• ACTIVITY:
Within the entries below, please return exactly the lines from the one with "Премьер-министр РК провел" through the one with "NEW 👢MUDD Moccasins Slip On Zip", leaving out any pictures.

• DATA FOR PROCESSING:
########
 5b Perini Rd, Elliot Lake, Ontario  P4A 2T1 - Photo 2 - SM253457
########
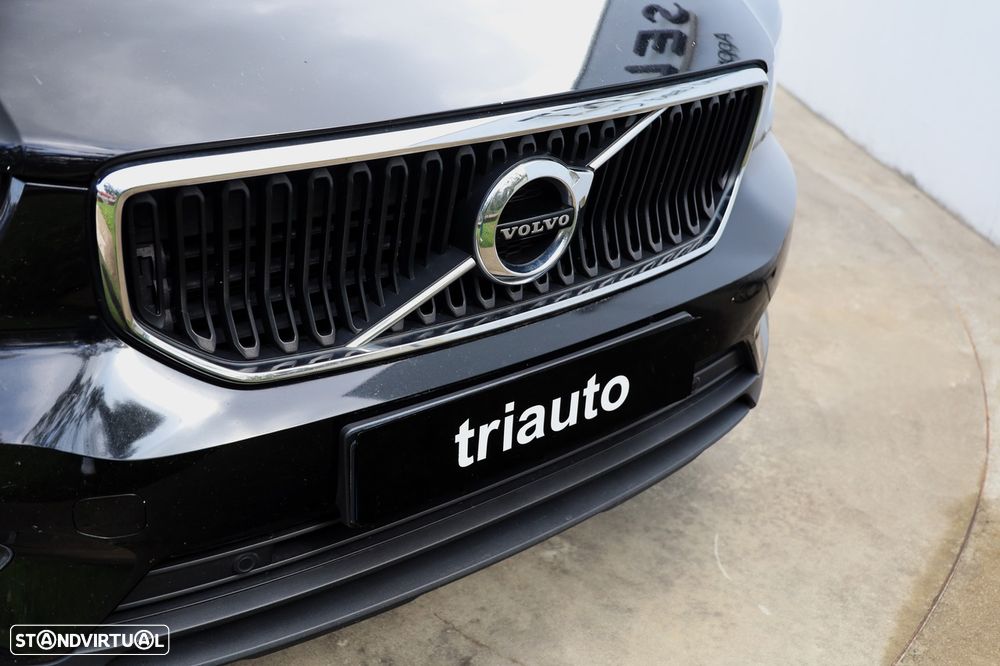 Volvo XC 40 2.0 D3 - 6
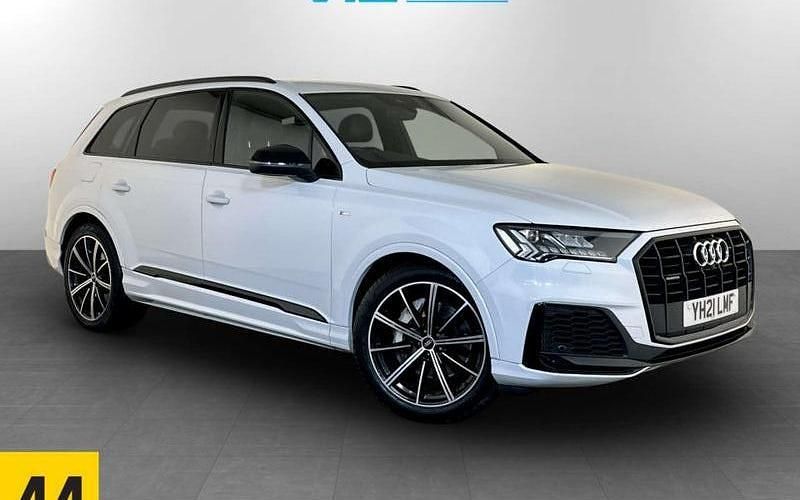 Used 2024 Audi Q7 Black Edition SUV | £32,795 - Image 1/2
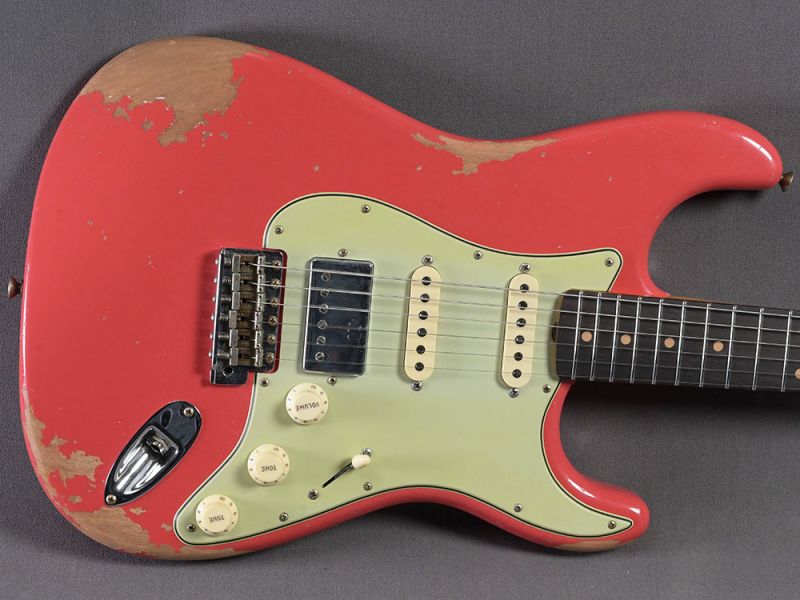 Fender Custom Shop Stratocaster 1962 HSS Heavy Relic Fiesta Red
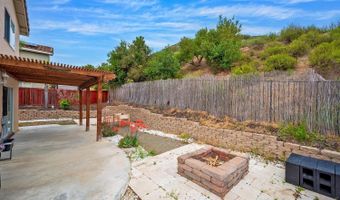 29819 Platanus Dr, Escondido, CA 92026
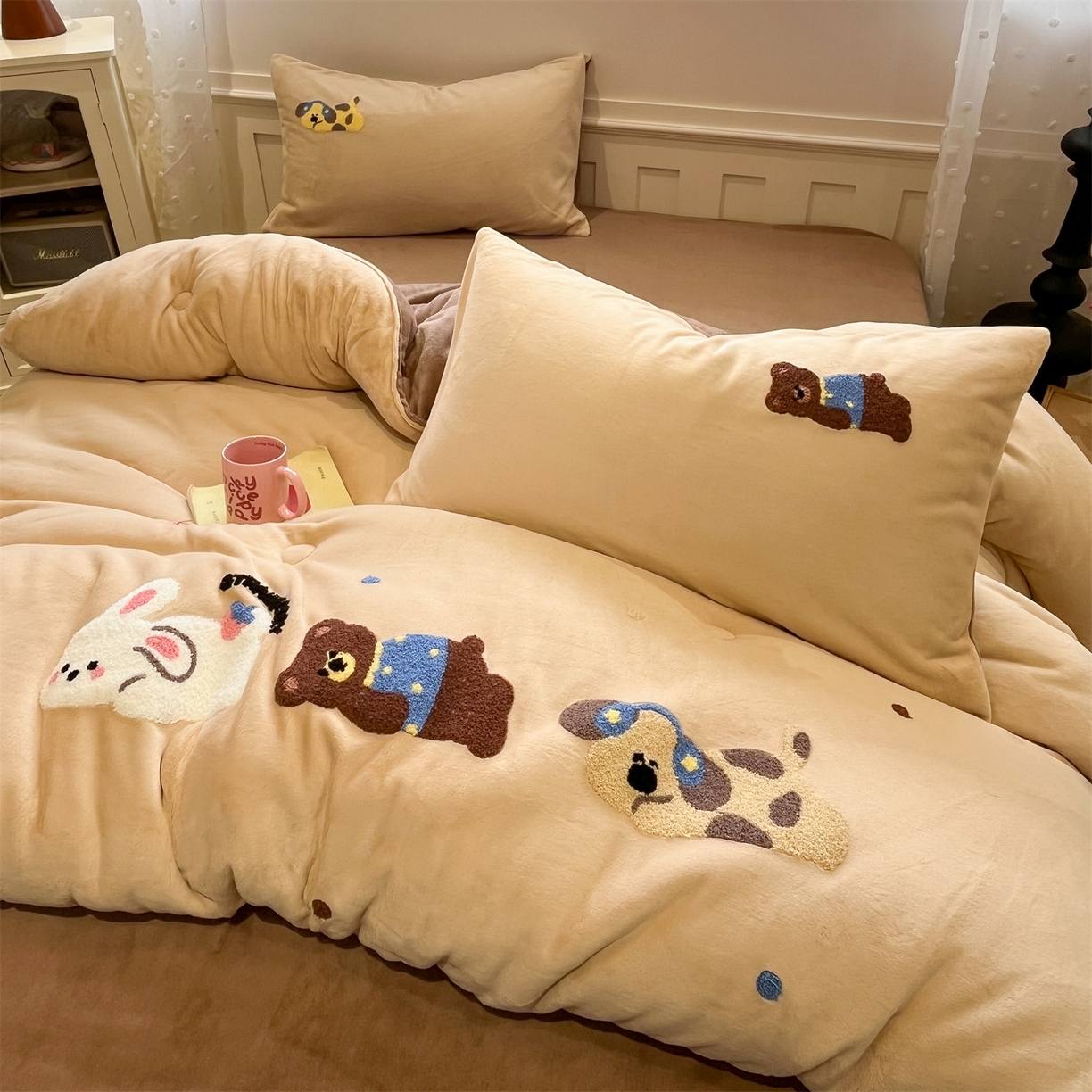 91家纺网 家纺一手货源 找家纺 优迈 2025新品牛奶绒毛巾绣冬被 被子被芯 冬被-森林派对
########
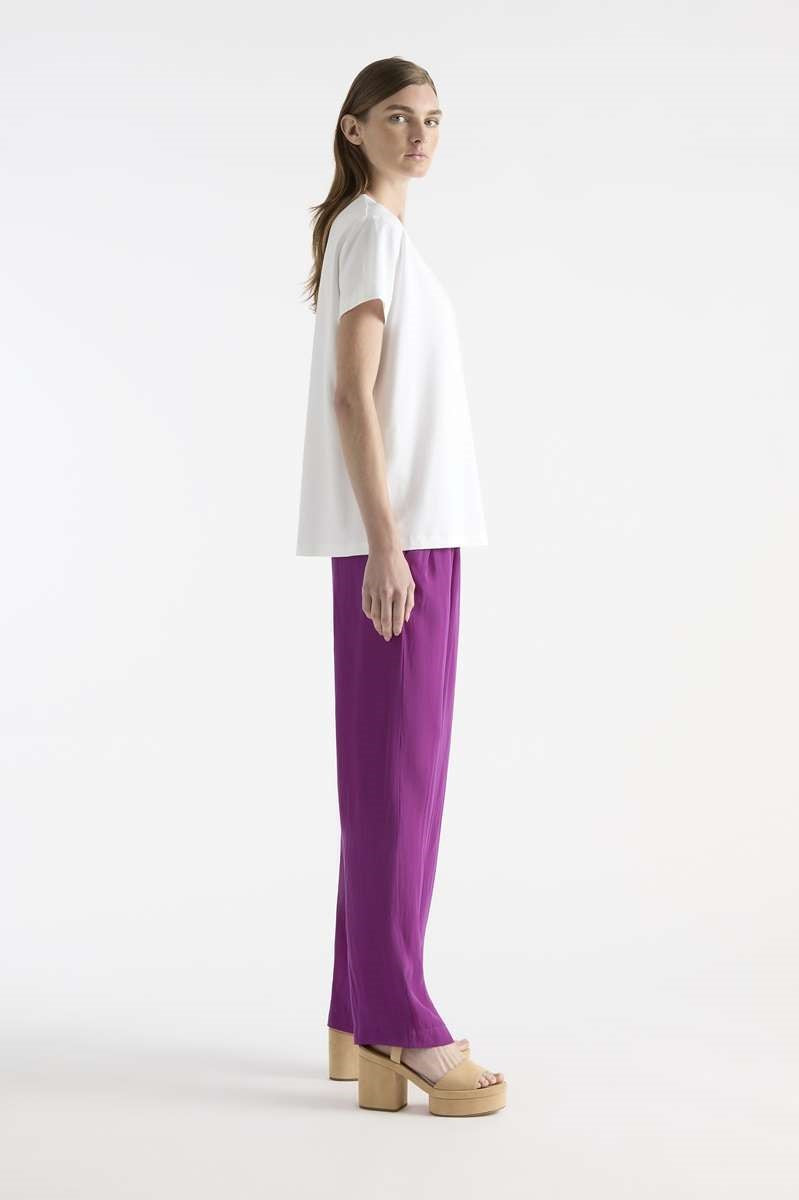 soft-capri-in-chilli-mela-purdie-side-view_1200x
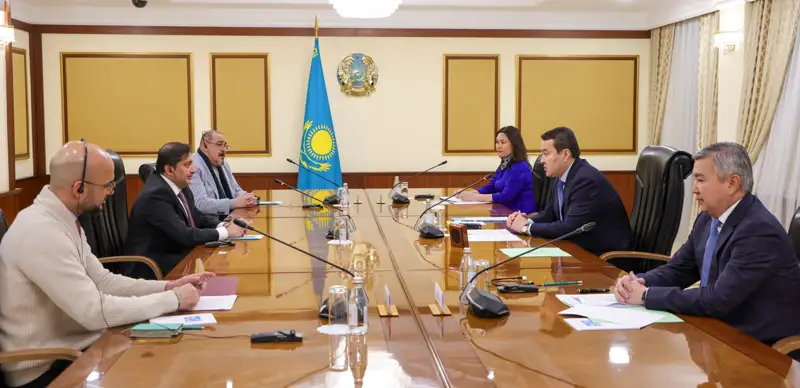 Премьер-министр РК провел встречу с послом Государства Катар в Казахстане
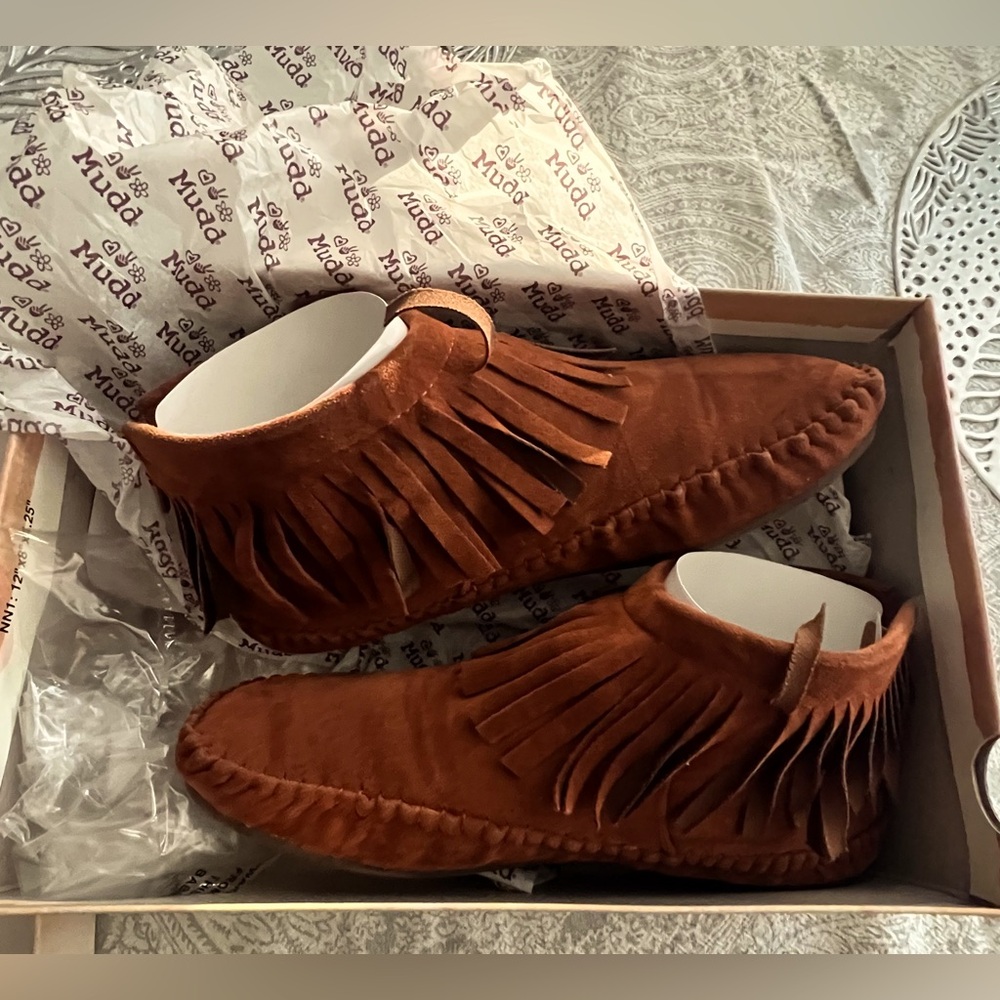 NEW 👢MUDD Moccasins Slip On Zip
########
• RESULT BELOW:
 Премьер-министр РК провел встречу с послом Государства Катар в Казахстане
 NEW 👢MUDD Moccasins Slip On Zip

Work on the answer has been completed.